Oh man.  I have had so many water bottle woes recently! 
I wanted to upgrade the bottles on my cage with some prettier ones, the ones I had were held up with twist ties and it was just kind of bleh looking. 

Well, I paid the price for being vain. 








I got two of these, they were pretty and attached really nicely. They worked, I tested them, so I went on my merry way thinking everything was okay! Sometime during the day they had stopped working - my rats went without water for about 8 hours. Poor things were so thirsty. :c So I stuck a bowl in the cage just incase, got the bottles dripping again. Overnight, one of them FLOODED the cage. The other stopped working completely. So I tried fixing the one that wasnt dripping, then all of a sudden it too, was now flooding my cage. Then it fell on the floor and the entire shell cracked and there was water everywhere. That was only about a 2 foot drop, if that. 

It was an adventure. So I went and returned the stupid things and bought some of these. 








I'm afraid of them because they are glass and I tend to break anything I touch, but so far they have turned out to work pretty well. And they're pretty, so I get to be vain after all!


----------



## Shine (Feb 20, 2015)

Wolf, I had the same thought about the plastic, wishing I could give my fluffbuddies something not made with stupid chemicals, but I guess it's hard to avoid that. I tried fixing the leak in their old water bottle by checking the rubber stopper thing in the lid, but I can't get it to fit correctly, so I'm going to try looking at WalMart today and see if I can find a better one. I'm not sure if my WalMart has rat supplies, though. I haven't really looked that hard in the pet section, but I think it's mostly just dog, cat, and fish stuff. Hopefully it will surprise me. 

Tok, that sucks. I'm sorry that happened to you. I know the desire for things to look pretty as well, but unfortunately I usually have to just settle for whatever works. Sometimes that's even just me fabricating something out of whatever things I happen to have on hand. lawl


----------



## erikablanchettexo (Nov 25, 2014)

I second on the Kaytee glass water bottles being good! I have 2 in my cage and I haven't had issues with them so far.


----------



## WolfPuppy (Jan 11, 2015)

Actually, I got one of those Kaytee bottles a few days ago and haven't tried it yet (it was just for an extra due to my paranoia). I forgot it was even glass - that makes me happy! 
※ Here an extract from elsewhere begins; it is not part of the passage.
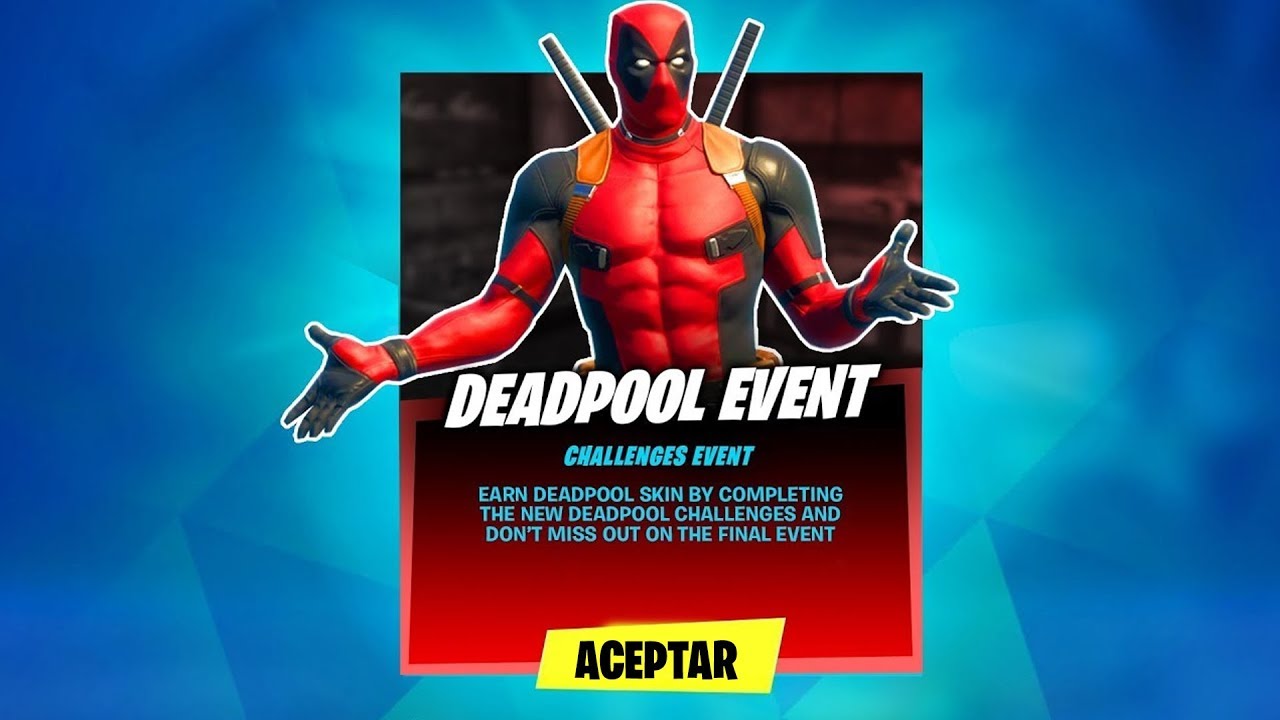 Nueva Actualizacion Deadpool Fortnite! YouTube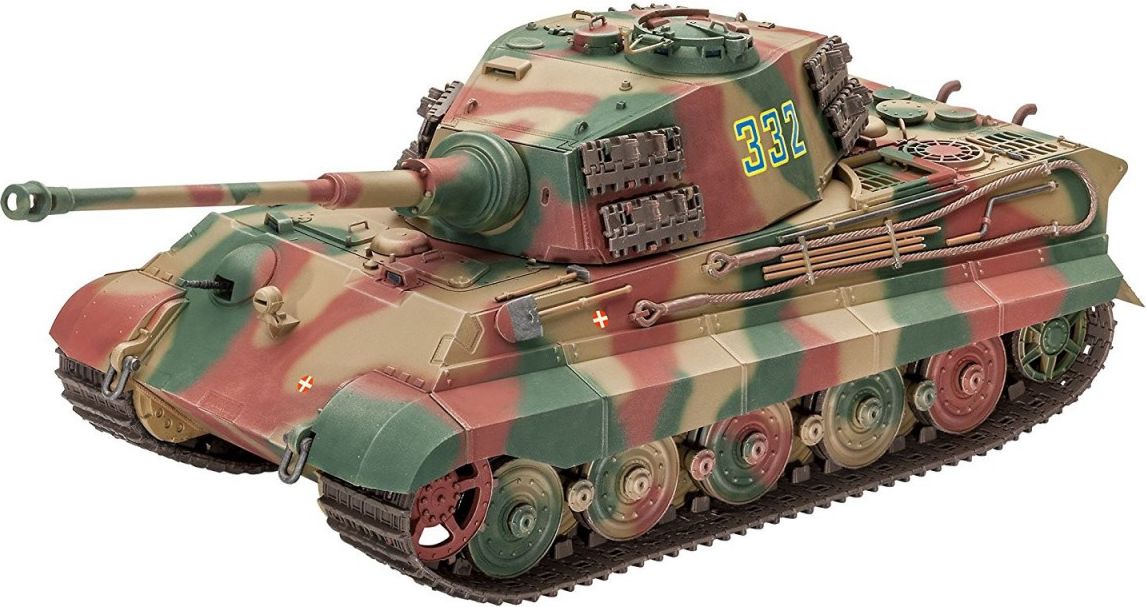 Revell Tiger II Henschel Turret (03249)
My latest problem has been hooking up a water bottle to an aquarium with a lid for my mice. I got an aquarium one today, but it doesn't fit with my lid. Grr...


----------



## Jaguar (Nov 15, 2009)

My glass Super Pet bottle was a leaker. The most reliable/nonleaky bottle I ever had was actually from Walmart - this one here. Unfortunately, it was plastic, but I just got tired of constantly having flooded bedding.


----------



## Shine (Feb 20, 2015)

I bought a new water bottle from WalMart the other day, and it seems a lot more reliable than the one I had before. It also has a nifty little holder that came with it, whereas the other one was held on by an elastic springy thing and was somewhat difficult to attach/detach from the cage for cleaning and refilling. I think I like this new one a lot better, even though it is smaller.

Oh well. My rats never drank all of their water in one day anyway, so a smaller bottle will probably be less wasteful.


----------



## SaraLovesRats (Jan 11, 2015)

I have the same glass Kaytee on as someone else posted about its my first bottle and I have had it since I first got my rats and it works great


----------